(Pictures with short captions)
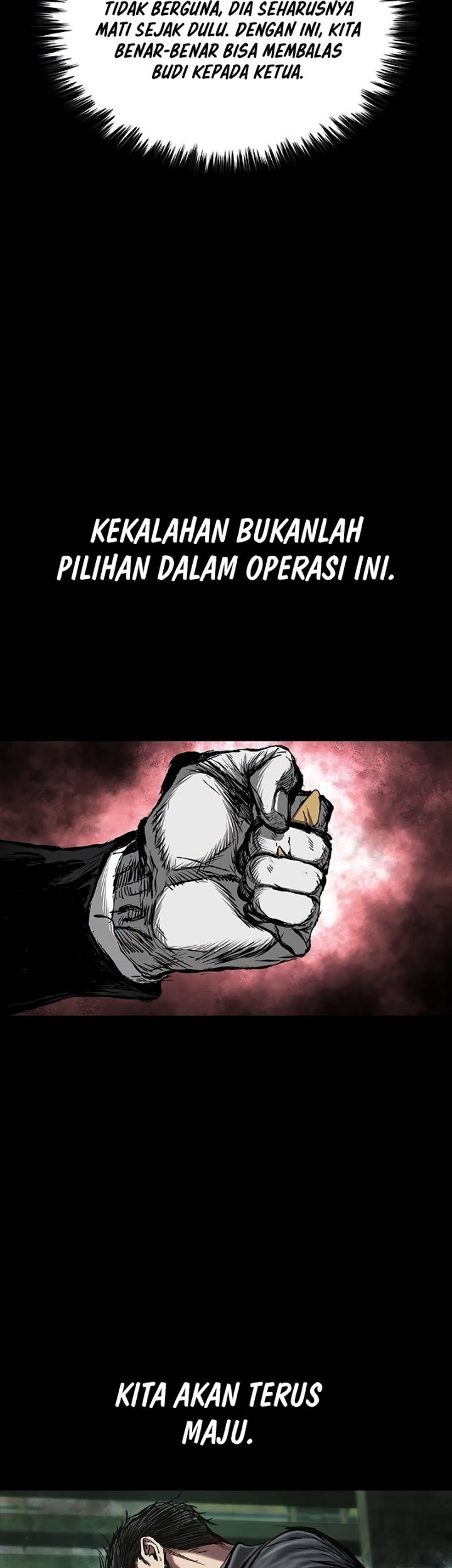 Chapter 89 - halaman 57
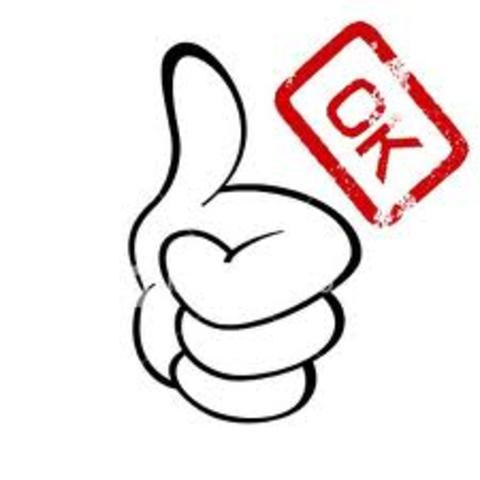 MICROSOFT IMPLEMENTS HIS COMMITMENTS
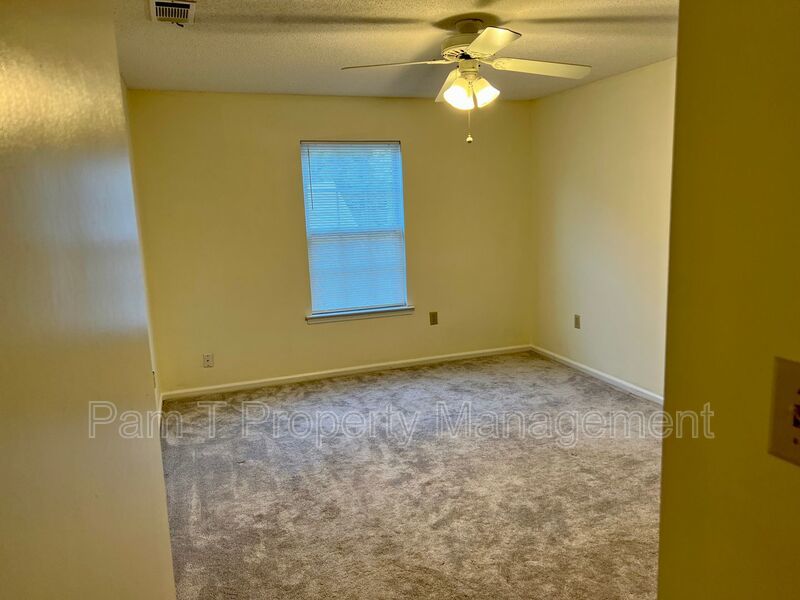 Sandfly 2 bedroom townhome property image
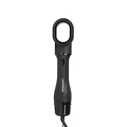 Βούρτσα μαλλιών με σεσουάρ 2 σε 1 1200W 619831 DICTRO LUX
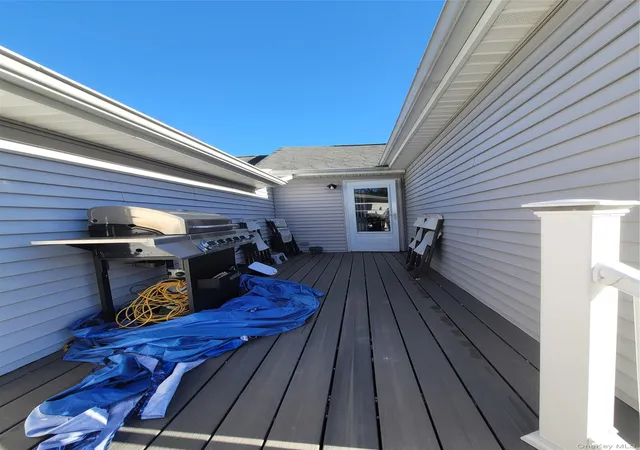 14th image of 1984 Route 112, Coram, NY 11727 | MLS# 979750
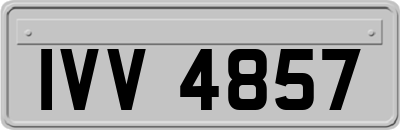 IVV4857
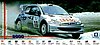 Card 2000 WRC (NS).jpg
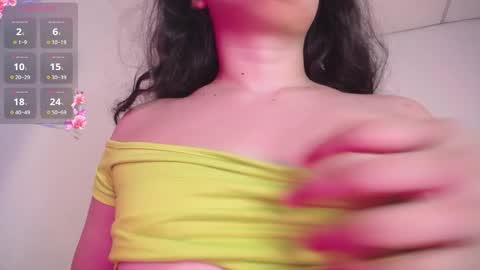 Snapshot of holly_16 chatting on 12-06-24, 01:07 holly_16 online show from 12-06-24, 01:07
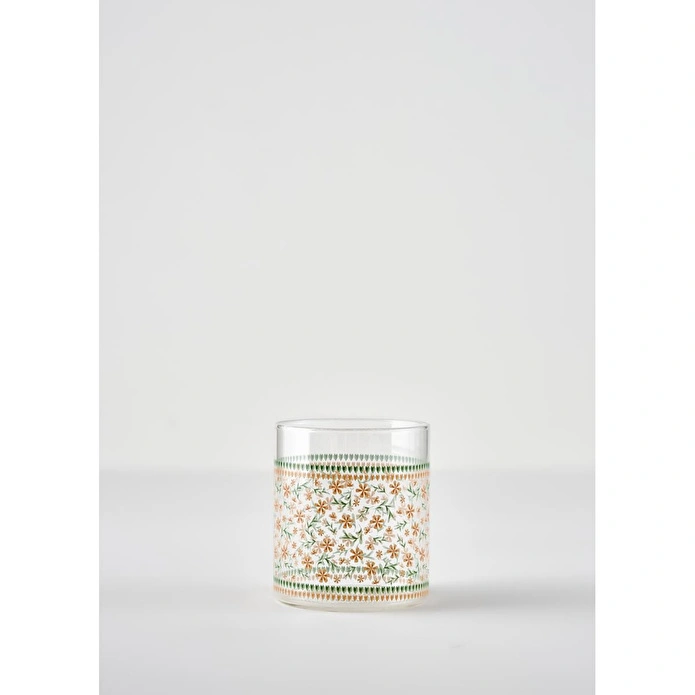 Bella Maison Blossom Bardak Seti 12'li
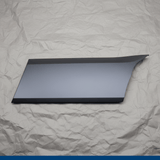 2019-2025 Ford Transit Passenger Side Rear Body Panel Molding Genuine OEM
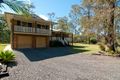 Property photo of 30-40 Rosella Court South Maclean QLD 4280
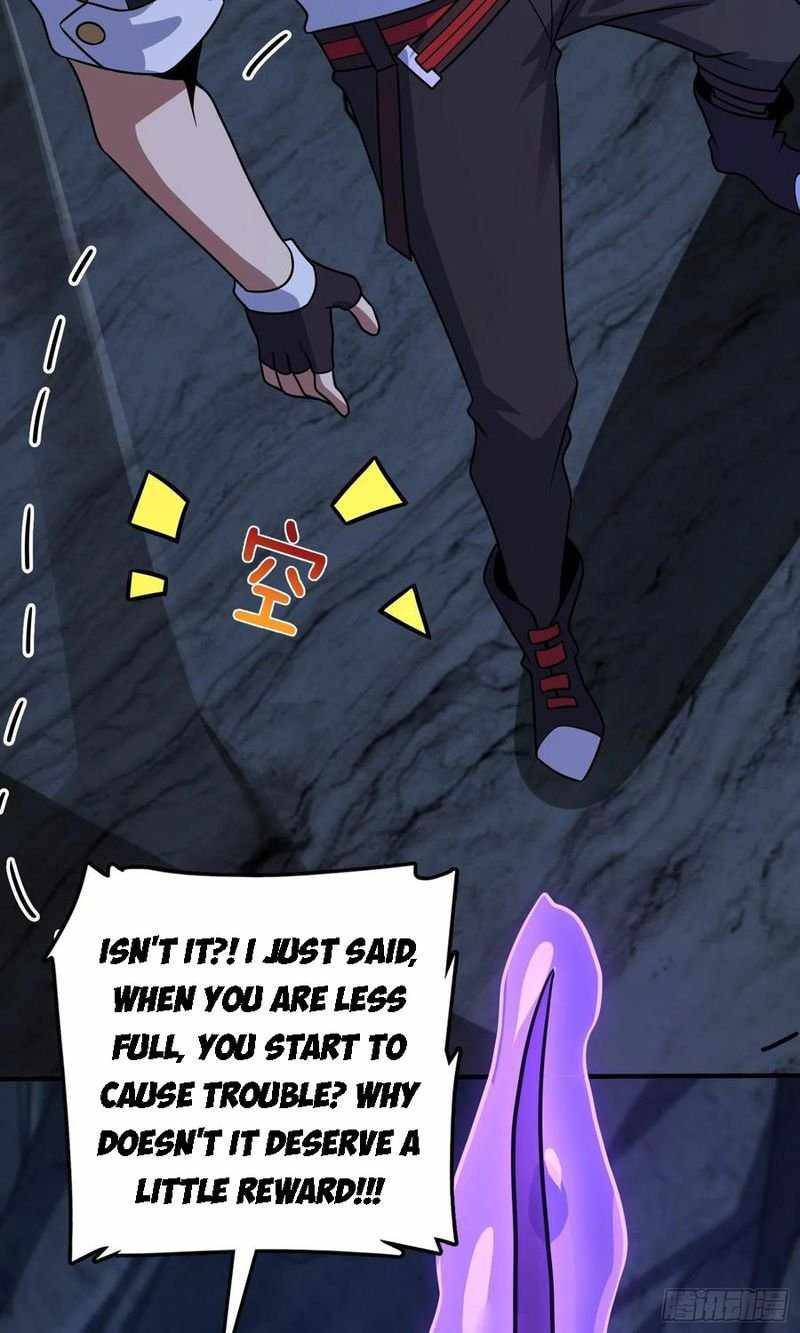 Page 76 of Chapter 296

**WORK TO BE COMPLETED:**
Where the line containing "14th image of" appears in the data above, begin there and output every line through the last, exactly and without pictures.

**ANSWER SECTION:**
 14th image of 1984 Route 112, Coram, NY 11727 | MLS# 979750
 IVV4857
 Card 2000 WRC (NS).jpg
 Snapshot of holly_16 chatting on 12-06-24, 01:07 holly_16 online show from 12-06-24, 01:07
 Bella Maison Blossom Bardak Seti 12'li
 2019-2025 Ford Transit Passenger Side Rear Body Panel Molding Genuine OEM
 Property photo of 30-40 Rosella Court South Maclean QLD 4280
 Page 76 of Chapter 296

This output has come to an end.